Recent Work





Lab Members  


Lab Space



F. M. Kirby Neurobiology Center | Boston Children's Hospital | Harvard Medical School


Our lab asks how light drives functions that are as diverse as visual perception, sleep regulation, hormonal control, and setting of the internal body clock. We pose this question for species that occupy distinct ecological niches to learn how visual mechanisms are tailored to different behavioral needs. Our research spans organizational levels and time scales, from molecules to circuits and from milliseconds to hours. It centers on electrophysiological and optical techniques that are applied in vitro and in vivo. 

Visual performance is remarkable. Perception can be elicited by a handful of photons, yet continues when the light level has intensified by many orders of magnitude. How is this dynamic range established? In cases of severe blindness where visual awareness is lost, light can still keep the body clock and hormone levels in register with the solar cycle. What are the origins of this robustness? 
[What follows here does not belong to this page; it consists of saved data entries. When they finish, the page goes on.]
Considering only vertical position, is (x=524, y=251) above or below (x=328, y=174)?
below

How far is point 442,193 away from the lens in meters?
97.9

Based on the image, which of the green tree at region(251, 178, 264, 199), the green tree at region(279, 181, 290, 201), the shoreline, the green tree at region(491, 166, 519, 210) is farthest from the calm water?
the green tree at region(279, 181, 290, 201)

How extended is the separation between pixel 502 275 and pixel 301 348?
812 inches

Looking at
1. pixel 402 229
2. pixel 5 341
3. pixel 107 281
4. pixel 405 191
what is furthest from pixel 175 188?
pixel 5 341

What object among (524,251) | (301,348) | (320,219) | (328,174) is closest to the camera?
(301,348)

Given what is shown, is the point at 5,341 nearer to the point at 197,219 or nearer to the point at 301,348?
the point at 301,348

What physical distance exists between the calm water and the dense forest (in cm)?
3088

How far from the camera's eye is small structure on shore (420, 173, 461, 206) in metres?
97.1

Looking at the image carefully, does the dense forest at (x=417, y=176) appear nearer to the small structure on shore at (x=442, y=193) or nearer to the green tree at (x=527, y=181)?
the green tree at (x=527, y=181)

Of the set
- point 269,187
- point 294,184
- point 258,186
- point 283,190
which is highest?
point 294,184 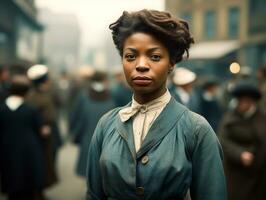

Questions of dynamic range, robustness, and other parameters of system operation recur throughout the biological sciences. The visual system allows them to be posed in a particularly quantitative way because light is precisely controllable and its impacts measurable at levels ranging from the conformational changes of molecules to behavioral outputs. We seek connections between these levels.

An understanding of the visual system also provides the foundation for learning how to detect early signs of its dysfunction, and for maintaining or restoring sight when it is lost. By studying vision in different species, we learn how lessons from common laboratory animals can be applied to matters of human health. 

Further information about the lab can be found on our site and by contacting us.

The image above shows a schematic of the mouse retina and brain. Highlighted are some of the brain regions that receive direct input from the retina. Among them are the SCN (suprachiasmatic nucleus), which is the master circadian clock, and the dLGN (dorsal lateral geniculate nucleus), which is a principal node in the pathway for visual perception. The size of each rectangle indicates the amount of input received from a particular kind of retinal output neuron, the intrinsically photosensitive retinal ganglion cell (ipRGC). These cells support "non-image" visual functions such as circadian and sleep regulation. The degree to which each rectangle is filled provides a sense of how much ipRGC input is from the M1 type of ipRGC. This schematic is drawn after the one in Hattar...Berson (2006) J Comp Neurol.